**SUPPLIED ENTRIES**
►
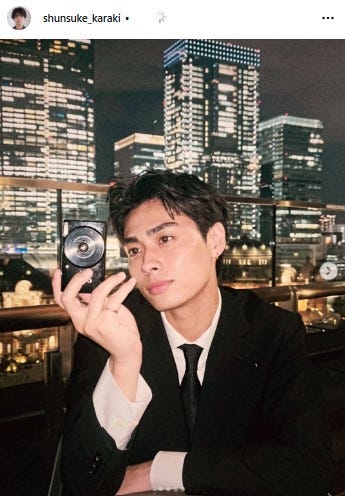 イメチェン後の唐木俊輔/Instagramより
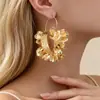 Pendientes florales populares transfronterizos europeos y americanos, elegantes, a la moda, de lujo ligero, de alta gama, modernos, adecuados para el uso diario, para ir al trabajo y para fiestas, versátiles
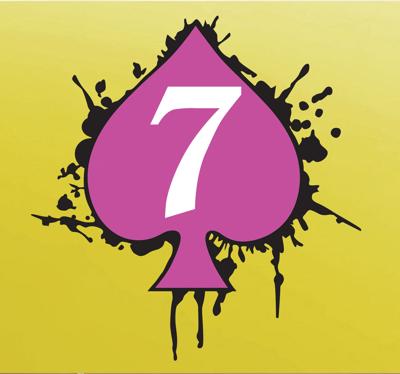 Zeven schoppen sticker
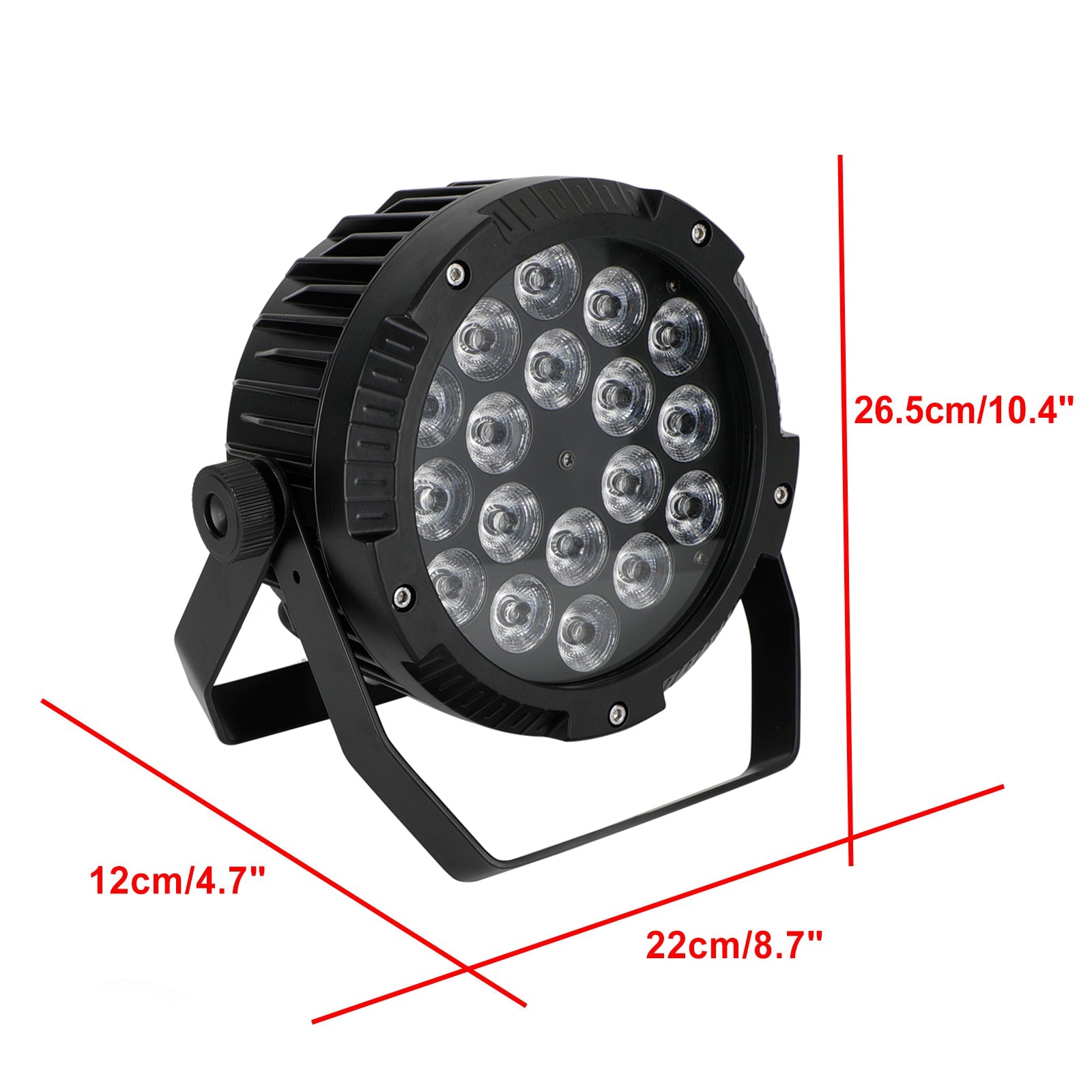 IP65 18x18w RGBW 4in1 LED Par Light Waterproof DMX DJ Disco Show Stage Lighting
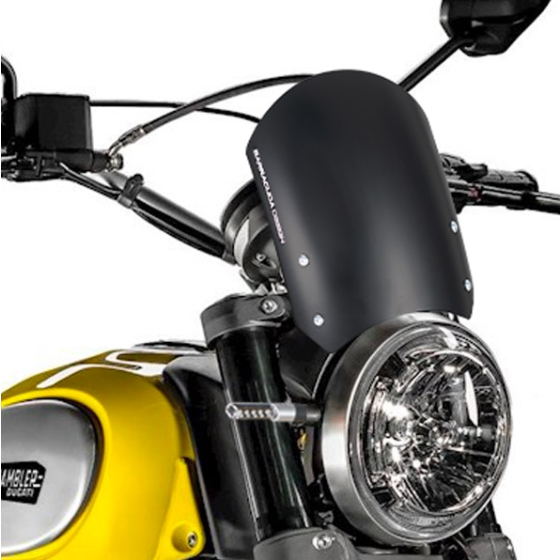 Слюда BARRACUDA CLASSIC BLACK Ducati Scrambler (2014- 2021)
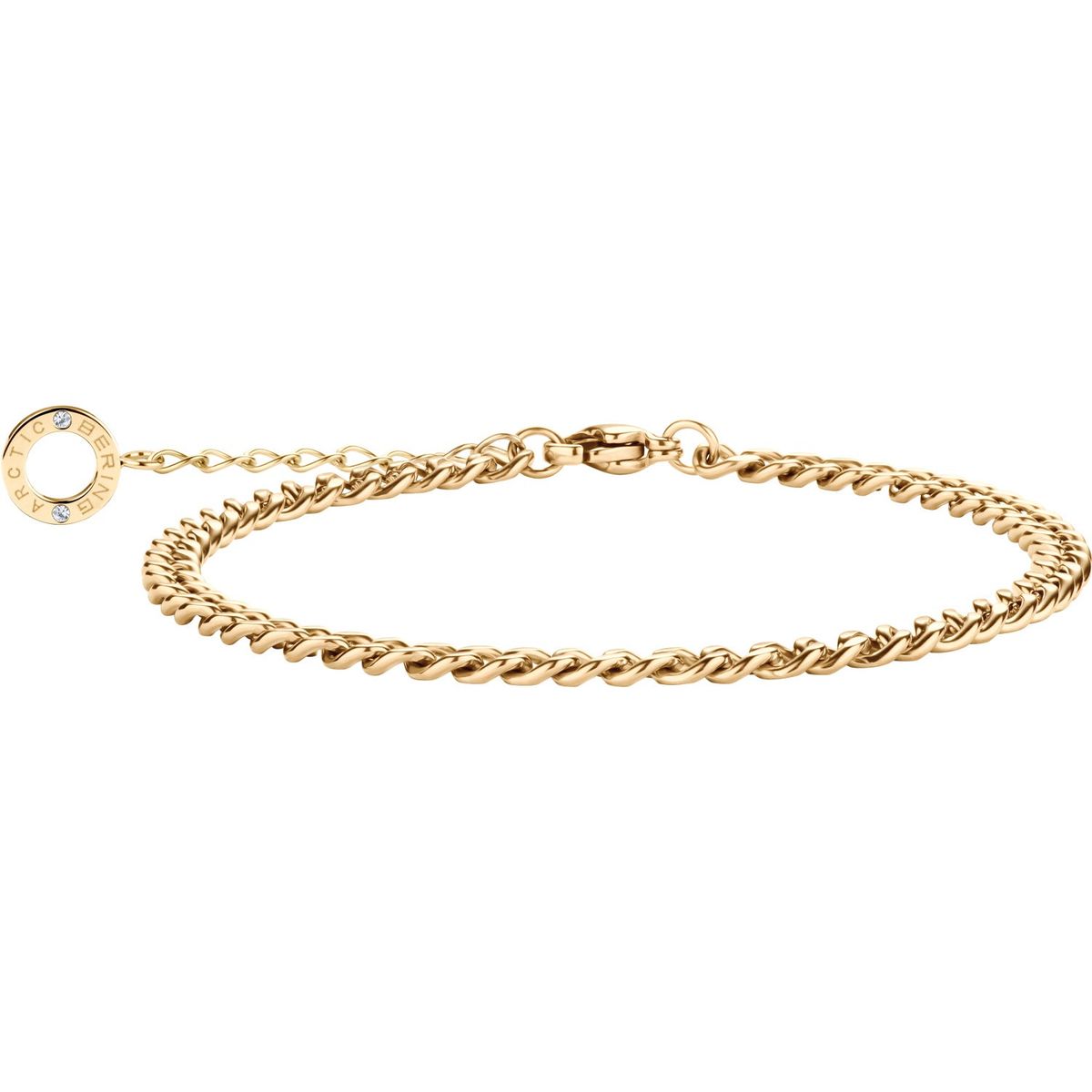 Bering - Snoet armbånd, 19cm Guld PVD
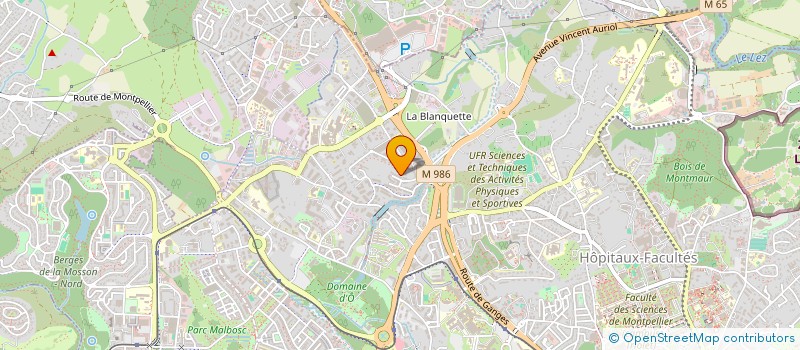 localisation de l'entreprise ALJ à MONTPELLIER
◄
**ASSIGNMENT**
Please restate all of the listing above word for word, with no pictures.

**FINISHED TASK**
 イメチェン後の唐木俊輔/Instagramより
 Pendientes florales populares transfronterizos europeos y americanos, elegantes, a la moda, de lujo ligero, de alta gama, modernos, adecuados para el uso diario, para ir al trabajo y para fiestas, versátiles
 Zeven schoppen sticker
 IP65 18x18w RGBW 4in1 LED Par Light Waterproof DMX DJ Disco Show Stage Lighting
 Слюда BARRACUDA CLASSIC BLACK Ducati Scrambler (2014- 2021)
 Bering - Snoet armbånd, 19cm Guld PVD
 localisation de l'entreprise ALJ à MONTPELLIER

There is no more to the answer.